Although she studies and understands Buddhism, the mother (she has no name) also believes that early closeness of child and parent will make for the offspring’s well-developed, happy future. Yet, she is told by the clerics, “attachment is not love.”

Of course, Ruhl is talking about various definitions of love, from maternal to eternal. Which will win out – the personal or the worldly? Skeptical abut Tenzin’s sanctity, the mother is astounded when tests reveal the boy’s uncanny ability to choose objects associated with the dead teacher.

With its references to the story of Jesus and the sacrificing Mary, as well as the medieval drama “Everyman,” Ruhl’s play is moving in a personal sense, yet somehow seems shallow. She doesn’t examine the often deleterious effect of organized religion on individuals, preferring to concentrate on the sentimental.

Still, the play stays with you and the production’s technical aspects overcome resistance. Against ritualistic movement and dances by chorographer Burnet O’Hanlon, “The Oldest Boy” is lovely to behold. Via Mimi Lien’s minimalist set, Jophy Weideman painterly lighting and, especially, Anita Yavich’s exquisite costumes, we are transported to an exotic world.

And it is acted with burning sensitivity by Celia Keenan-Bolger as the mother and Ernest Abuba as the voice of the boy (portrayed by a flexible puppet). Under Taichman’s direction, the evening is lovely and moving.

Stoppard’s “The Real Thing” should be moving, also, but isn’t. After all, it’s often touted as this intellectual playwright’s most emotional work. Also one of his most successful (this is its third trip to Broadway), it’s a disquisition on the difference between art and reality, told through a tale of adultery and suspicion.

Henry, a rock ‘n’ roll buff (the cast sings pop excerpts between scenes), is married to actress Charlotte yet having an affair with another actress, Annie. (“To marry one actress is unfortunate,” says Henry in a Wildean epigram, “to marry two is simply asking for it.”) A well-regarded playwright, Henry becomes blocked when forced to face the meaning of love and infidelity.

Whether these are affairs of the heart or merely another “situation,” to be used in Henry’s catalogue of characters, is one of the play’s questions. When his “real” life begins to mirror his artistic one, trouble brews, especially when he can not distinguish one from the other.

These are not shallow characters but fully-fleshed human beings with layers of feelings. That they’re in the theater, where art can be controlled, only points up how difficult it is for them to deal with messy reality. Only when Henry is faced with love in both its harshness and honesty can he free himself and find himself.

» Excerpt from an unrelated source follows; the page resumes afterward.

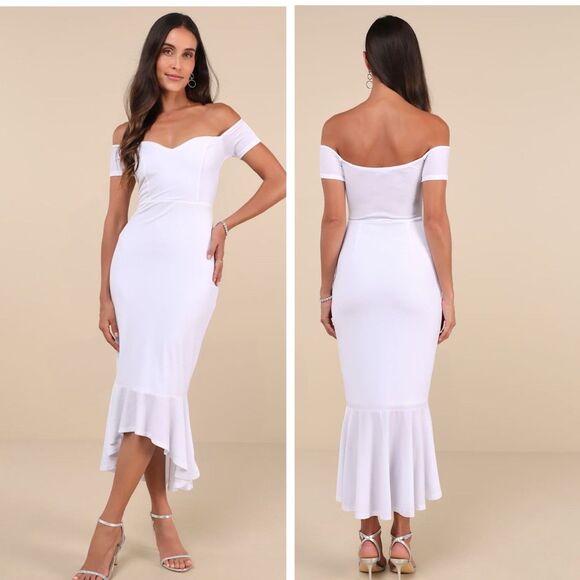 lulus Dresses & Skirts - Lulus How Much I Care White Velvet Off-the-Shoulder Midi Dress Size XL Bridal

As Henry, Ewan McGregor is particularly notable, both charming and troubled. Maggie Gyllenhaal makes a strong Broadway debut as the forthright Annie, while Josh Hamilton reveals how Max’s bravura hides his insecurities. As Charlotte, Cynthia Nixon can let her features literally drip away, creating a character torn between the devil-may-care and self-destructive brittleness.

Director Gold’s production is linear; even the set changes from one location to another are indicated mainly by re-arranging the furniture. It’s all terribly artificial, as artificial as the jokes that fly like intellectual brickbats from the mouths of these brainy people. What’s missing is the realization that humor is a cover-up for pain.